**What the task asks:** In the listing below, find the line that contains "2122 NE 13th Pl — Photo 18" and the line that contains "อมารู ออน มันฑะเลย์". Quote both and every line between them, exactly, and nothing more.
BEGIN
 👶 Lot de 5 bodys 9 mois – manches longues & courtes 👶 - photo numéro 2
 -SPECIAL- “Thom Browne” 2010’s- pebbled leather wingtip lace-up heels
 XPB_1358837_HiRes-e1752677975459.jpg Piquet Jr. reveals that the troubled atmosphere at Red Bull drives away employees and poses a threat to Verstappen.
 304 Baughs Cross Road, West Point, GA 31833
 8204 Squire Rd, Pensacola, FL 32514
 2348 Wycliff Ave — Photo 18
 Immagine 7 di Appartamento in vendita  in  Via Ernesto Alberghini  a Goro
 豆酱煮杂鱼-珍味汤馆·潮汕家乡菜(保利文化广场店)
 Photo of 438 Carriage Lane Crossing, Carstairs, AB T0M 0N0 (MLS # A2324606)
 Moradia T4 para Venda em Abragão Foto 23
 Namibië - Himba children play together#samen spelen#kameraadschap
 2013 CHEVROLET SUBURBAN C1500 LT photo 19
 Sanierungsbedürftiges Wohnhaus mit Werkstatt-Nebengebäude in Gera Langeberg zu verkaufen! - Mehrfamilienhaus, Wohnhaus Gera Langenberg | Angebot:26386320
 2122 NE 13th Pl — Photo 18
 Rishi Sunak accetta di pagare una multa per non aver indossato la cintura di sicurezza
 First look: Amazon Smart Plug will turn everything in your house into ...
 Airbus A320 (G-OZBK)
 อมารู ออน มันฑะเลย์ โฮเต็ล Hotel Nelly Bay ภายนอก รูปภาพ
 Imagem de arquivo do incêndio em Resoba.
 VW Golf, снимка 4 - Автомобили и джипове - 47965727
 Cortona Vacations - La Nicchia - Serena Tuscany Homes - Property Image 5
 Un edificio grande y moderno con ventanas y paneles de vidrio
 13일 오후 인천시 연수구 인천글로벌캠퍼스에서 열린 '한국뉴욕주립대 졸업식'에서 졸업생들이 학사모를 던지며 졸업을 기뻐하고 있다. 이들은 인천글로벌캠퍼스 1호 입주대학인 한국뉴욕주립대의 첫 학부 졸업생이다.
END
**Response to the task:**
 2122 NE 13th Pl — Photo 18
 Rishi Sunak accetta di pagare una multa per non aver indossato la cintura di sicurezza
 First look: Amazon Smart Plug will turn everything in your house into ...
 Airbus A320 (G-OZBK)
 อมารู ออน มันฑะเลย์ โฮเต็ล Hotel Nelly Bay ภายนอก รูปภาพ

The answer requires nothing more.